Il giudizio delle agenzie di rating sul debito pubblico italiano
Ma, nove giorni fa, con grande sorpresa, S&P ha migliorato l’outlook portandolo a «stabile», pur con un debito che, a suo dire, dovrebbe salire al 149,8% del PIL per fine anno, dimostrando un ottimismo persino superiore a quello del nostro governo. In realtà quella percentuale è assai più alta e, con un debito che ad agosto era cresciuto a 2.579 miliardi e un PIL atteso in caduta del 9% (a 1.627 miliardi), farebbe già un rapporto del 159%: senza contare che il debito può solo aumentare da qui a fine anno. Nel frattempo, a conferma di quanto detto a proposito di S&P, anche Moody’s ha lasciato invariato il rating sull’Italia.
Perché il debito pubblico diventa «sostenibile»
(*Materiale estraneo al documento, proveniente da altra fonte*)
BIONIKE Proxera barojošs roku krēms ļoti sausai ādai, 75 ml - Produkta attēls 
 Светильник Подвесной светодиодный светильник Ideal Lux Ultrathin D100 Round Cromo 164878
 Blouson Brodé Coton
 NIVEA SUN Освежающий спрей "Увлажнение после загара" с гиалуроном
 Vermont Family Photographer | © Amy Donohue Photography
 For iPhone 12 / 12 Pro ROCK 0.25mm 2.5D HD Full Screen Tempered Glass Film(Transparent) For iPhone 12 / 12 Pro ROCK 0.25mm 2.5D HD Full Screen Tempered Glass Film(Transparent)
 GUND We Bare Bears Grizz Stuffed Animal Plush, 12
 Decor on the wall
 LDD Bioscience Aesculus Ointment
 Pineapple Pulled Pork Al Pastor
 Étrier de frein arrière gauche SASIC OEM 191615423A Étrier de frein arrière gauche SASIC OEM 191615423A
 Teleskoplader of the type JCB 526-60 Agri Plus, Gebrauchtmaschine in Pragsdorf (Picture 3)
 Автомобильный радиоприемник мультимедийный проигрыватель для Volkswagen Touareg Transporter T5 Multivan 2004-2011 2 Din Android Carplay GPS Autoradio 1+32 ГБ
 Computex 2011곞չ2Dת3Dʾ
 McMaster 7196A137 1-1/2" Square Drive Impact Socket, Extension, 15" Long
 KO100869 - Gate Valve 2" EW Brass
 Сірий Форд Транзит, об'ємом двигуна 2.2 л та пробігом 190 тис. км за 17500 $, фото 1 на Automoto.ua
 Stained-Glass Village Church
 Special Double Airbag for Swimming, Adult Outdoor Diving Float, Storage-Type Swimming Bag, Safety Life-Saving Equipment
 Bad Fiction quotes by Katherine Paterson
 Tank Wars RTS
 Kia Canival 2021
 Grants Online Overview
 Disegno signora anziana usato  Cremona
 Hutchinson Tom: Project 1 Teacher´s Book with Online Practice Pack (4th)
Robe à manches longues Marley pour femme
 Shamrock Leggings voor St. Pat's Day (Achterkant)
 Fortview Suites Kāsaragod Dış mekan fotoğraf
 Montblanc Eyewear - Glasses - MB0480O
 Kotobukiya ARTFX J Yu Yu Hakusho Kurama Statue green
Non s’era mai vista tanta generosità in un’agenzia di rating, commenta Fusco Femiano di eToro, notando come le stime di S&P sull’andamento del Pil 2020-2021 siano persino migliori di quelle del governo italiano. Il rapido mutamento di tono dell’agenzia di rating non dovrebbe invece stupire se si considera che l’arcigno Fondo monetario, assertore fino a qualche mese fa del rigore di bilancio, celebra adesso i vantaggi delle «politiche fiscali espansive» e tutte le case d’investimento internazionali si sono prodigate a dimostrare le grandi virtù taumaturgiche del debito e i liberisti operatori di Wall Street inneggiano ai promessi sussidi governativi di Trump: spalleggiati pure da austeri rappresentanti del partito repubblicano, per i quali il rigore di bilancio era un imperativo morale.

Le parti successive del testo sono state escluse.